__DATA EXTRACT__:
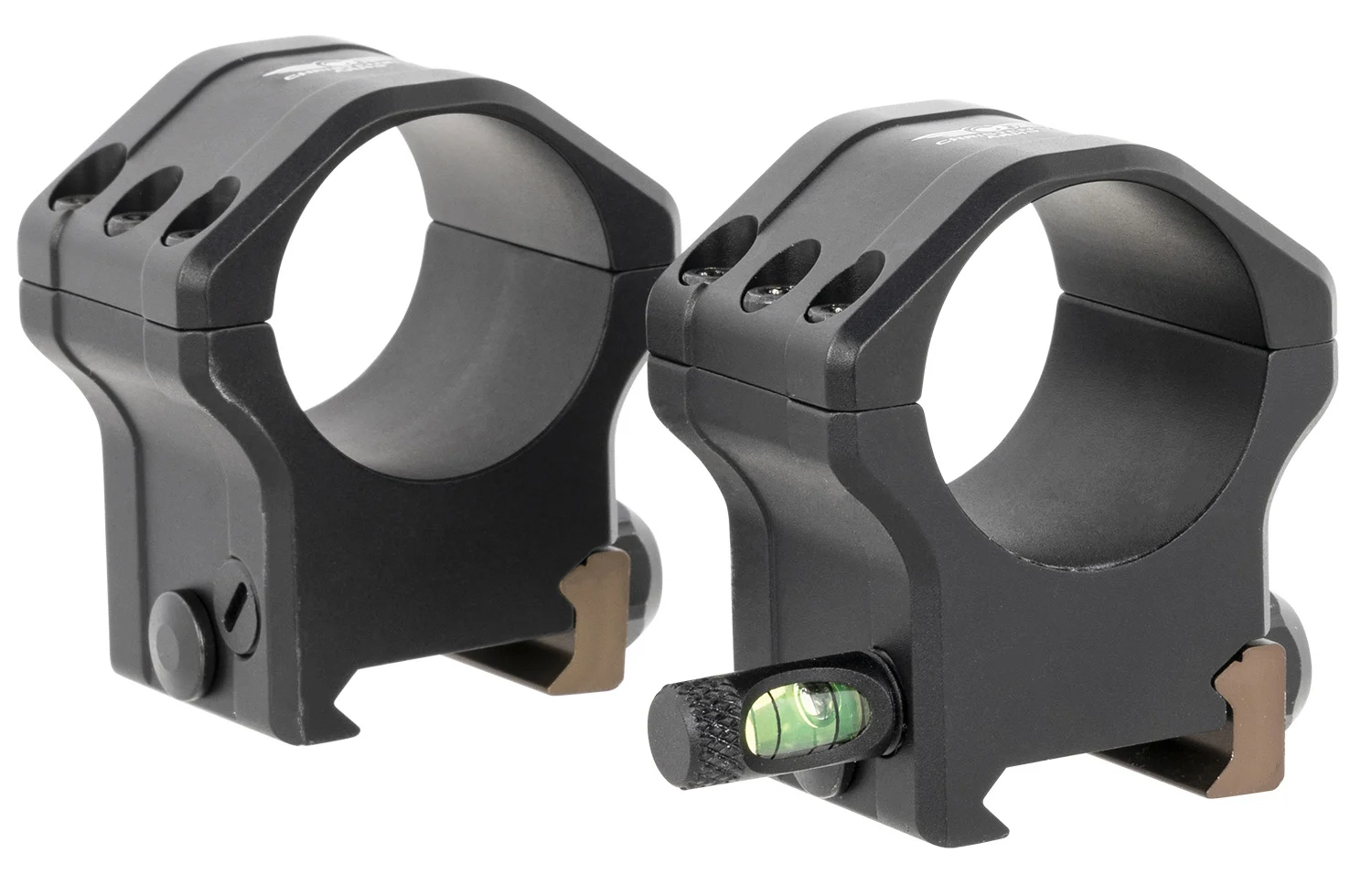 Christensen Arms 8100004202 Tactical PRSR-HD Black Anodized 30mm High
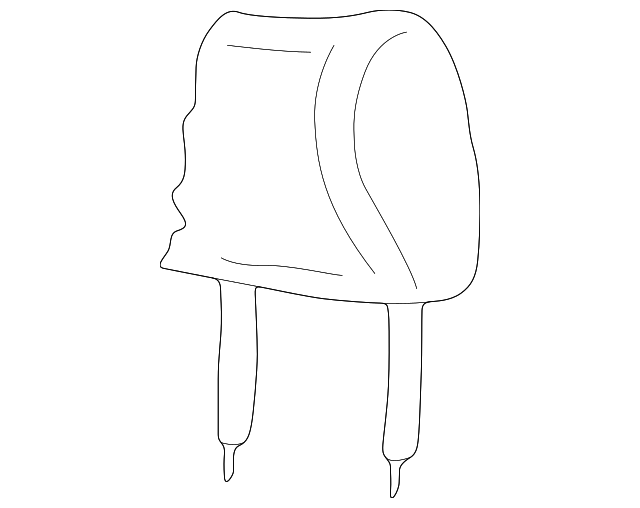 Headrest Cover 7D0-881-921-L-HQB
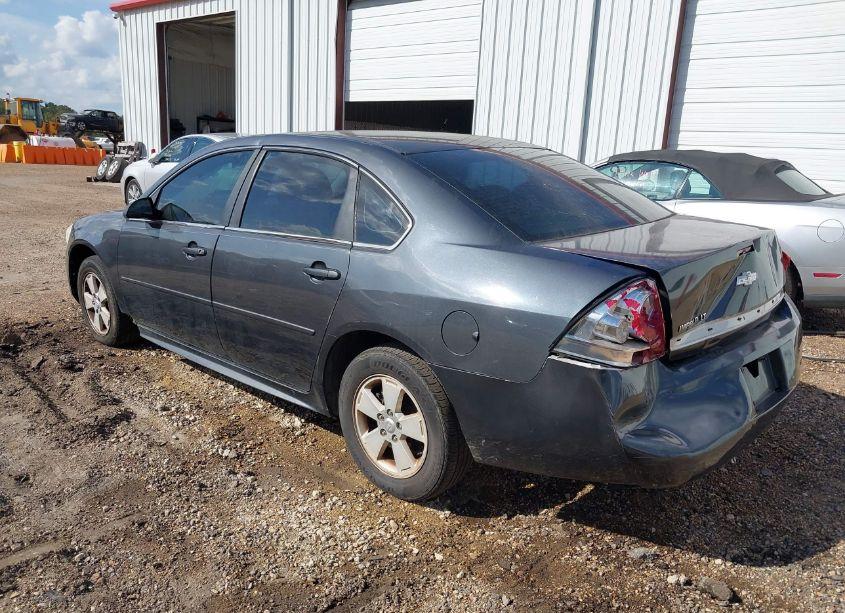 Photo 3 of 2011 Chevrolet Impala LT (VIN 2G1WG5EK1B1280279)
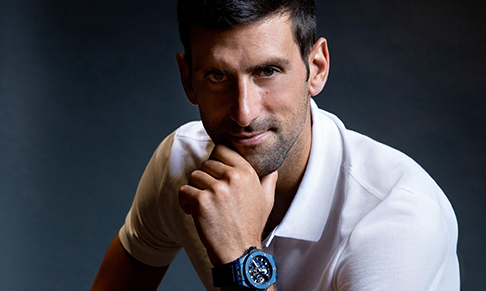 Novak Djokovic named latest Brand Ambassador for Hublot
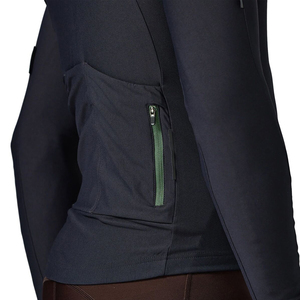 Men's Long Sleeve <b>Cycling</b> Jersey Black White Full Zip Road Bike Wear Breathable Quick Dry Fit - Product Image 6
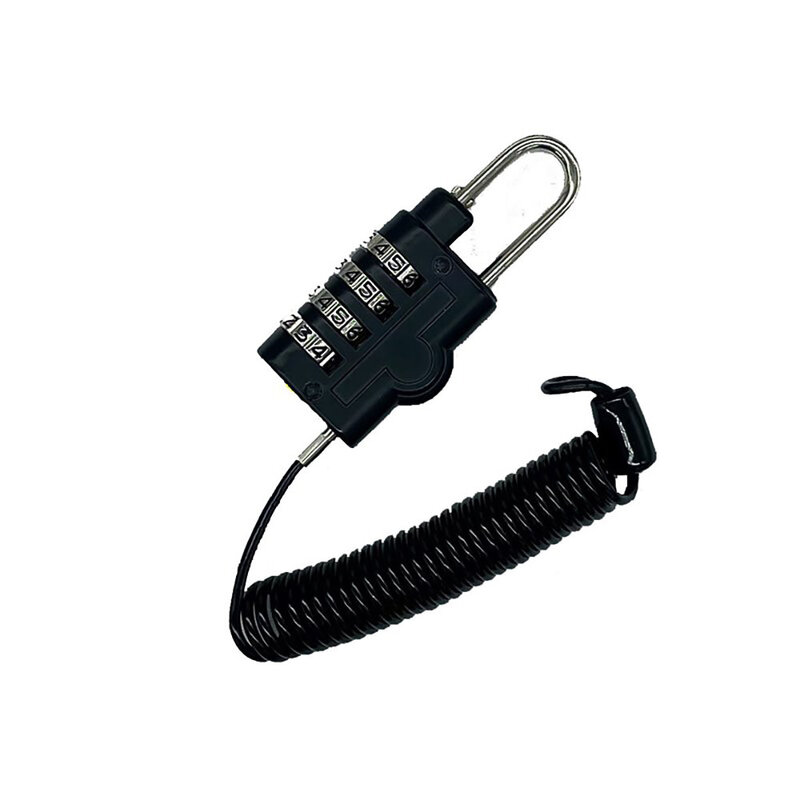 OCEANIA CYCLE SPORT Squizz Mini Combination Lock & Cable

__REQUIREMENT__: From the first line to the last, transcribe the listing exactly; skip the pictures.

__WORKED SOLUTION__:
 Christensen Arms 8100004202 Tactical PRSR-HD Black Anodized 30mm High
 Headrest Cover 7D0-881-921-L-HQB
 Photo 3 of 2011 Chevrolet Impala LT (VIN 2G1WG5EK1B1280279)
 Novak Djokovic named latest Brand Ambassador for Hublot
 Men's Long Sleeve <b>Cycling</b> Jersey Black White Full Zip Road Bike Wear Breathable Quick Dry Fit - Product Image 6
 OCEANIA CYCLE SPORT Squizz Mini Combination Lock & Cable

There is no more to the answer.